I recently learned that in law, there is a breakdown as:
Intent (~=misuse)
Oblique Intent (i.e. a known side effect)
Recklessness (known chance of side effect)
Negligence (should’ve known chance of side effect)
Accident (couldn’t have been expected to know)
This seems like a good categorization.
“With the use of fine-tuning, and a bunch of careful engineering work, capabilities evaluations can be done reliably and robustly.”
I strongly disagree with this (and the title of the piece). I’ve been having these arguments a lot recently, and I think these sorts of claims are emblamatic of a dangerously narrow view on the problem of AI x-safety, which I am disappointed to see seems quite popular.

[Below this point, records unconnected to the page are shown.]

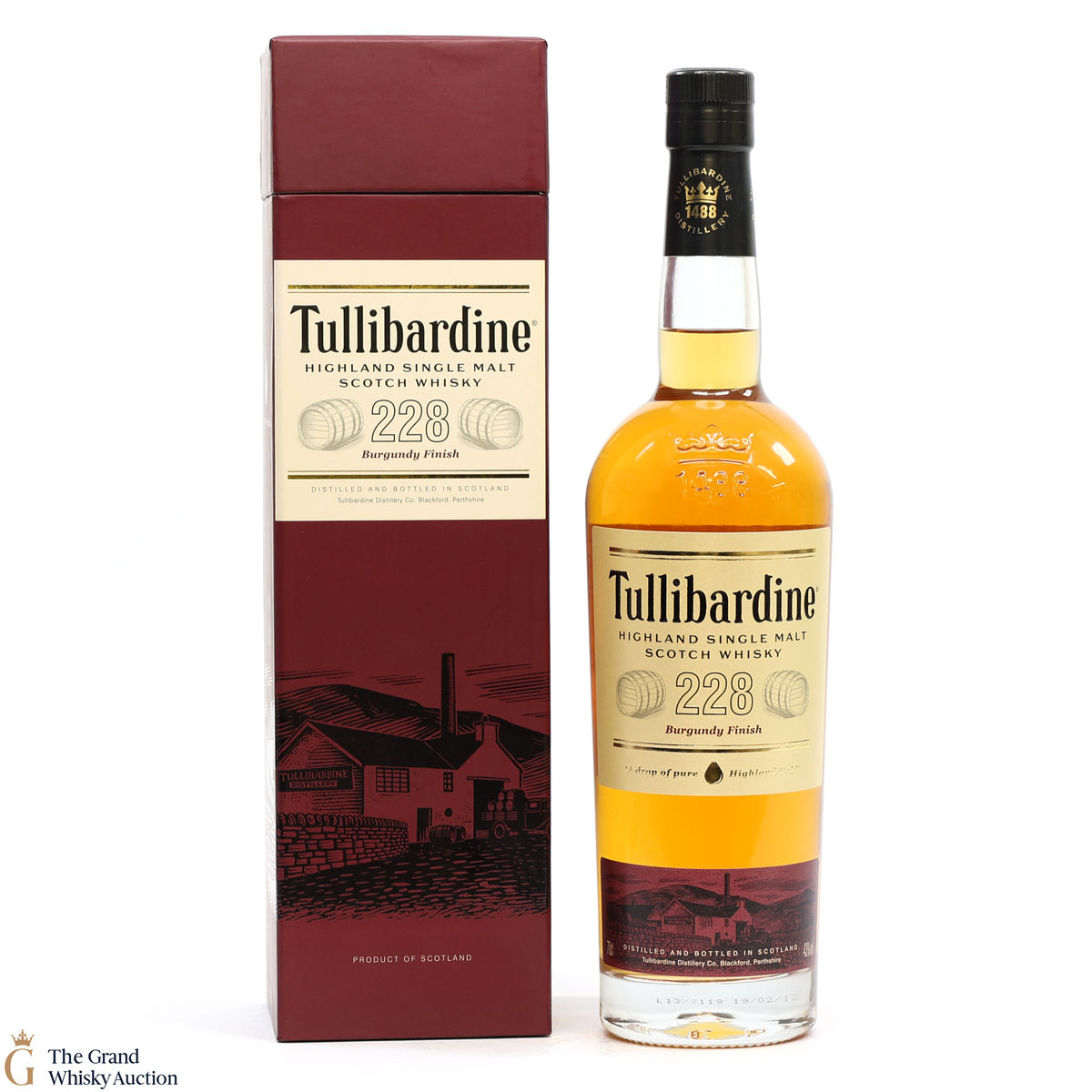 Tullibardine - 228 - Burgundy Finish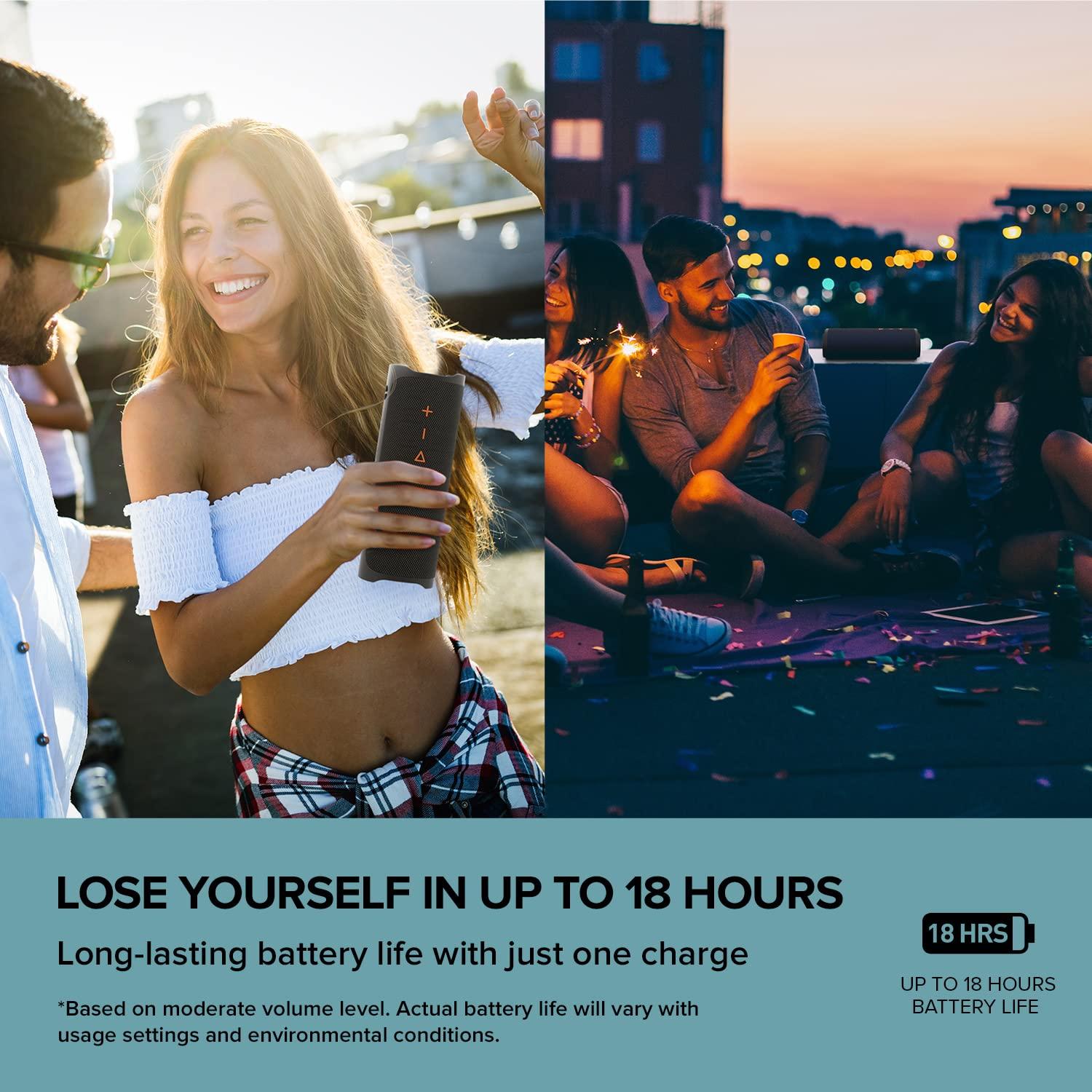 Creative Creative MUVO Go Portable Waterproof Bluetooth 5.3 Speaker with Up to 18 Hours of Battery Life, IPX7 Waterproof, and Powerful Bass Performance, Wireless Stereo Link (Blue)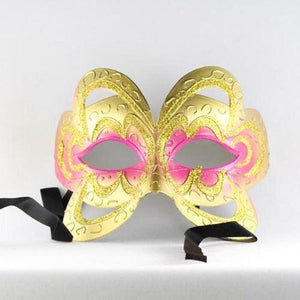 Venetian Face Mask (Hot Pink Color, 1 Mask Per Pack) - Glow-Paradise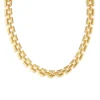 Pathway Petite Link Necklace in Gold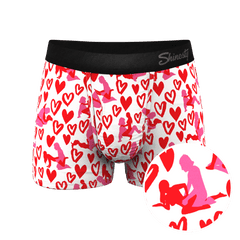 The Hot-Blooded Handbook | Valentines Ball Hammock® Pouch Trunks Underwear - Shinesty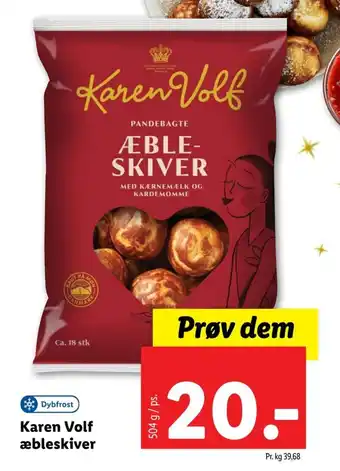 Lidl Karen Volf æbleskiver tilbud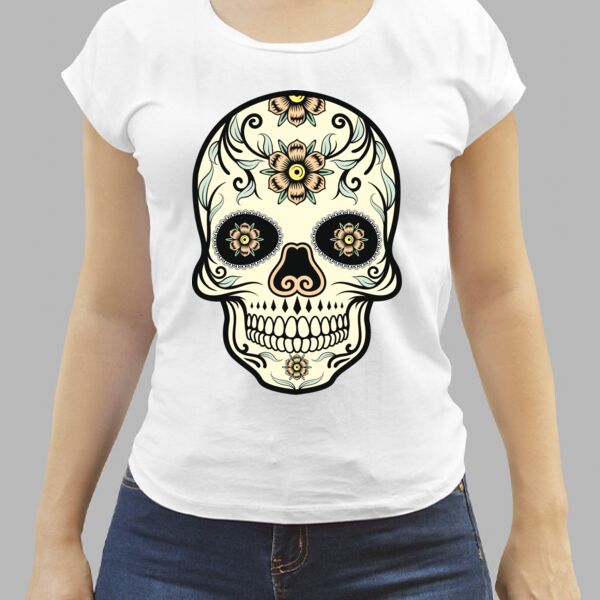 Camiseta Blanca Personalizada de Mujer Thumbnail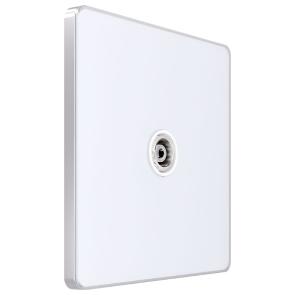 Розетка телевизионная Infinity TV/FM 5-1000MГц арктический лед Systeme Electric FSE000191 FSE000191 - магазин электротехники Electroshop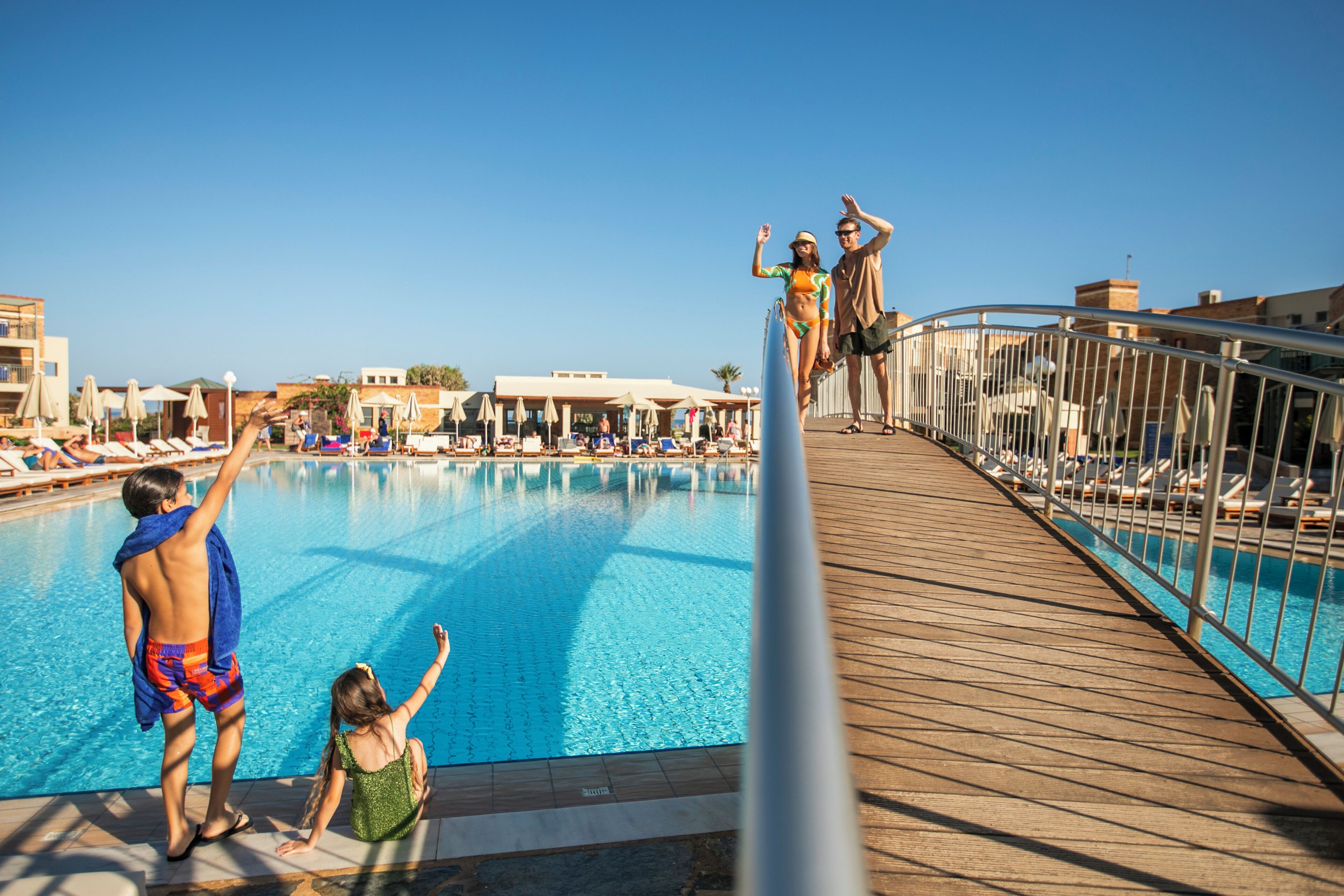 Indoor pool, 2 outdoor pools, pool umbrellas, sun loungers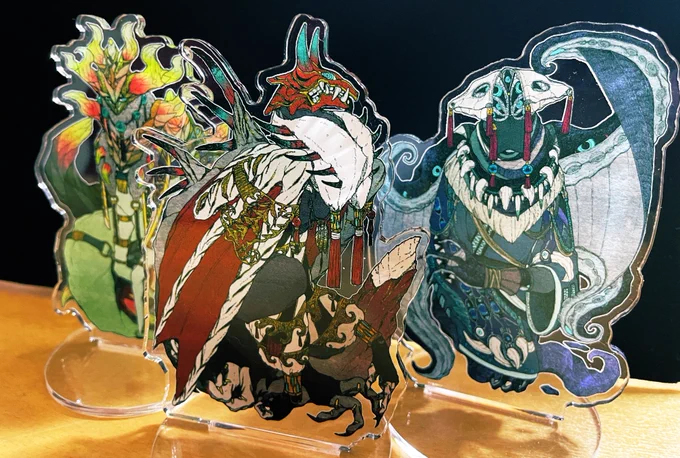 BOOTHで出すのは創作です個展で出してたアクスタと、個人的に欲しいアクキー...完全な自己満ですけど...えへ 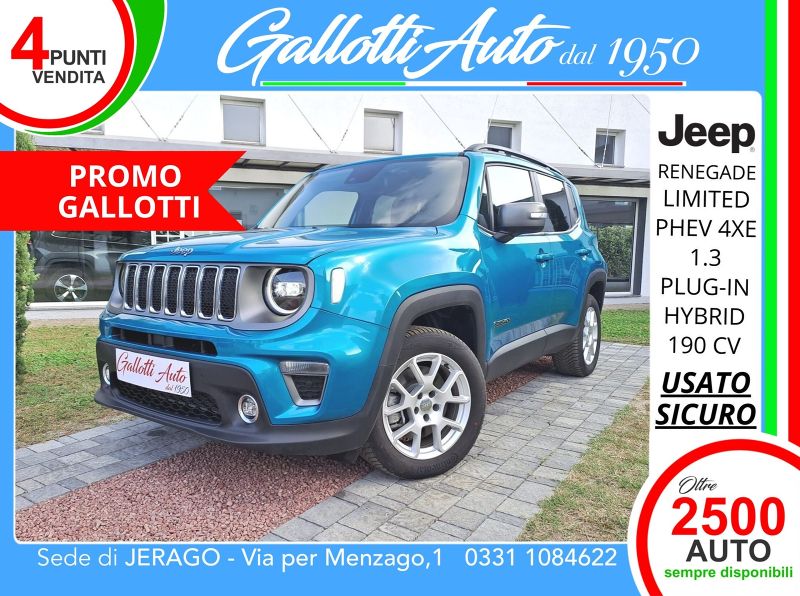 Jeep Renegade 1.3 T4 PHEV 190 CV LIMITED 4XE AUTOM - Gallotti Auto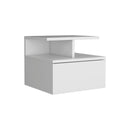 Flopini - Floating Nightstand With 1 Drawer, Compact Size - White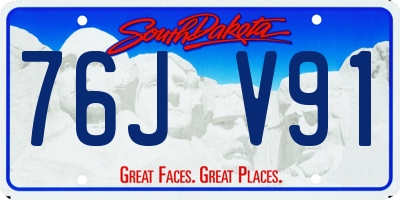 SD license plate 76JV91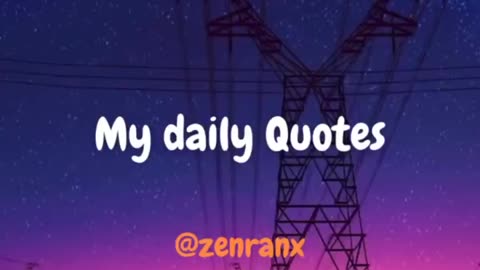 My daily Quotes: You are the artist | ZenRanx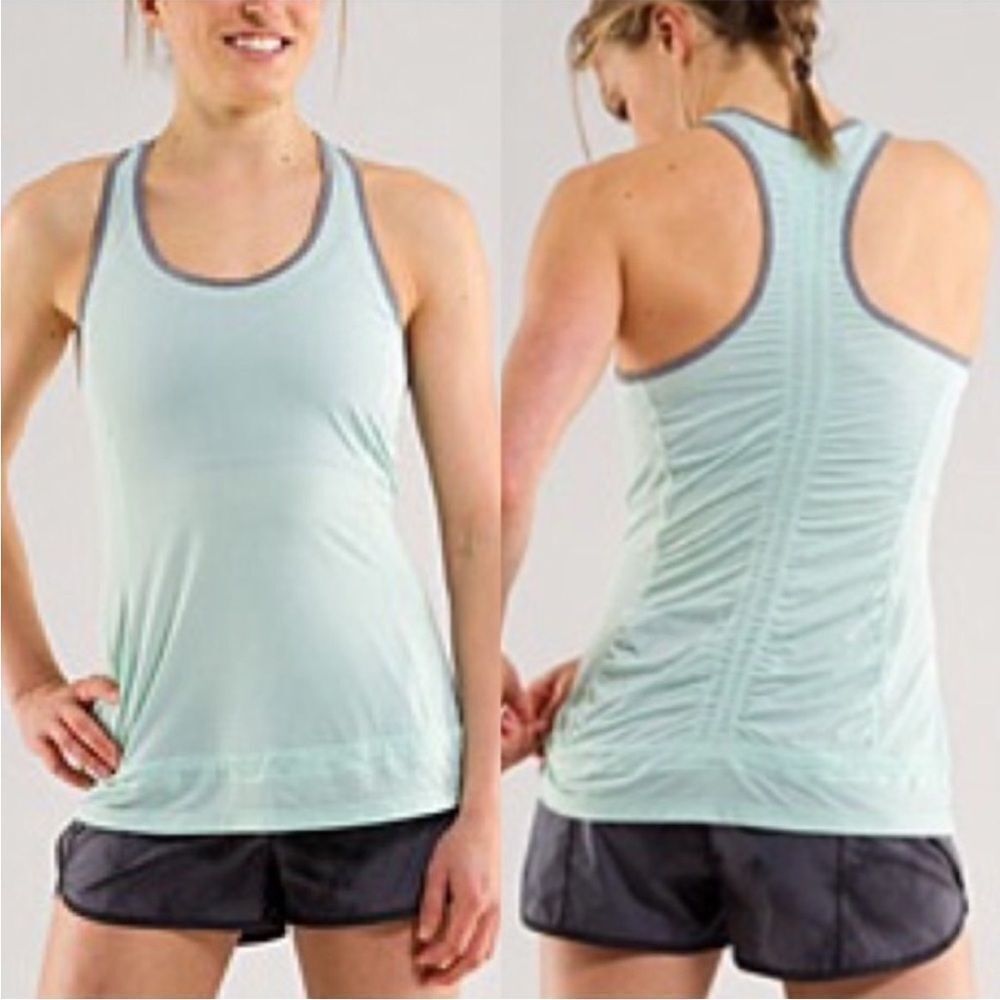 LULULEMON Seafoam Green Energy Run Tank Top-8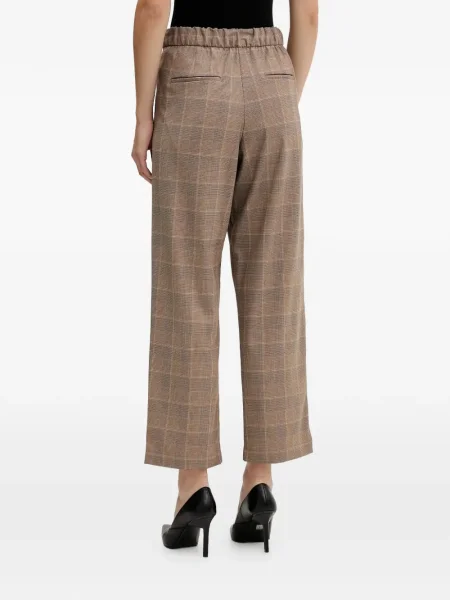 Cropp pantaloni Sisley în carouri maro
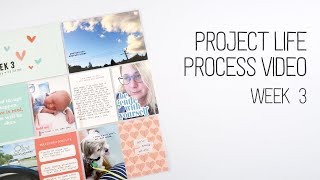 Project Life Process // Week 3 // How to alter the colour of your puffy stickers
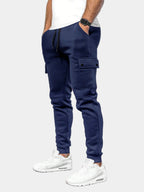 Men's Cargo Joggers – Drawstring Tapered Sweatpants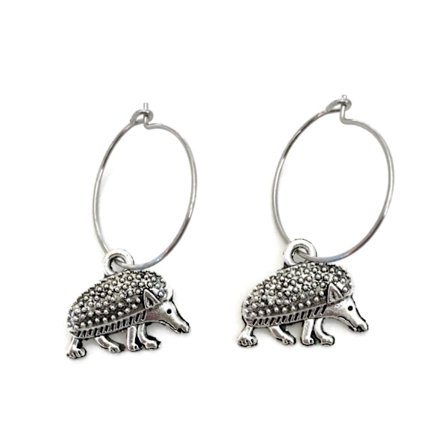 Earrings - Creoles - Hedgehog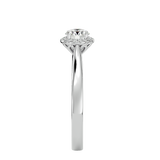 5/8 ctw Round Lab Grown Diamond Halo Engagement Ring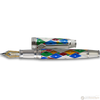 David Oscarson Harlequin Fountain Pen - Opalescent White/Pearl-Pen Boutique Ltd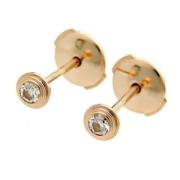 Pre-owned Rose Gold earrings Cartier Vintage , Pink , Dames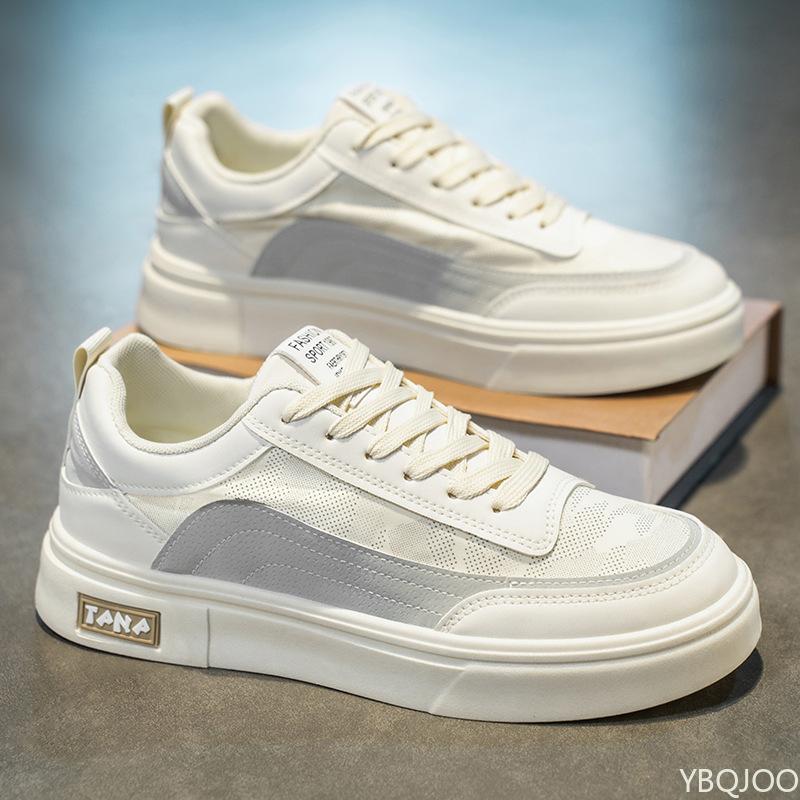 Summer Men's New Breathable Canvas Shoes Men's Trendy Versatile Thick Soled Sport Shoes Casual Board Shoes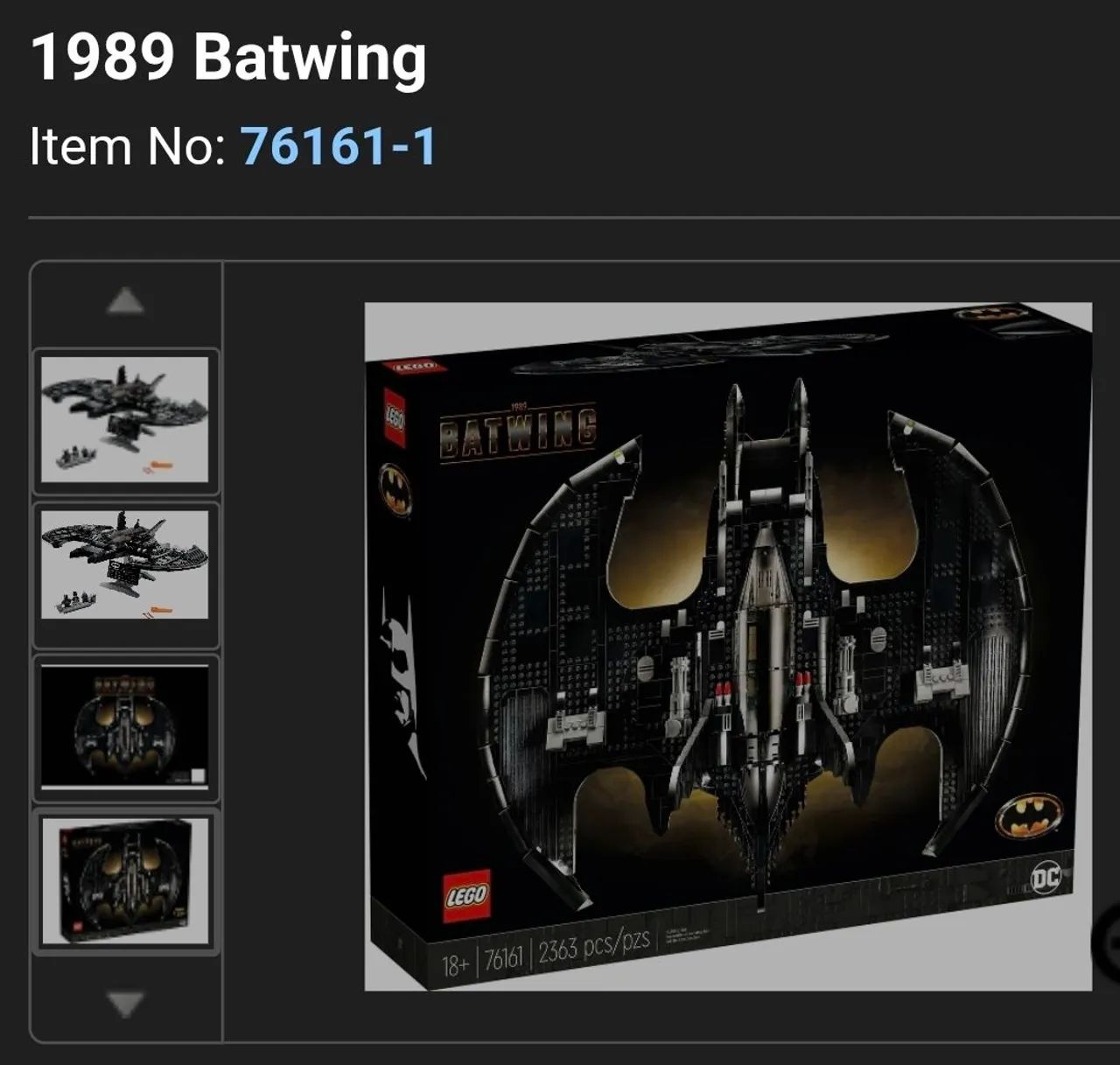 Lego Batman 76161 Manual  - Foto 5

A few reasons why this statement is misleading:
* New capabilities ellicitation techniques arrive frequently and unpredictably (think chain of thought, e.g.)
* The capabilities of a system could be much greater than any particular LLM involved in that system (think tool use and coding). On the current trajectory, LLMs will increasingly be heavily integrated into complex socio-technical systems. The outcomes are unpredictable, but it’s likely such systems will exhibit capabilities significantly beyond what can be predicted from evaluations.
You can try to account for the fact that you’re competing against the entire world’s ingenuity by your privileged access (e.g. for fine-tuning or white-box capabilities ellicitation methods), but this is unlikely to provide sufficient coverage.
EtA: Understanding whether and to what extent the original claim is true is something that would likely require years of research at a minimum.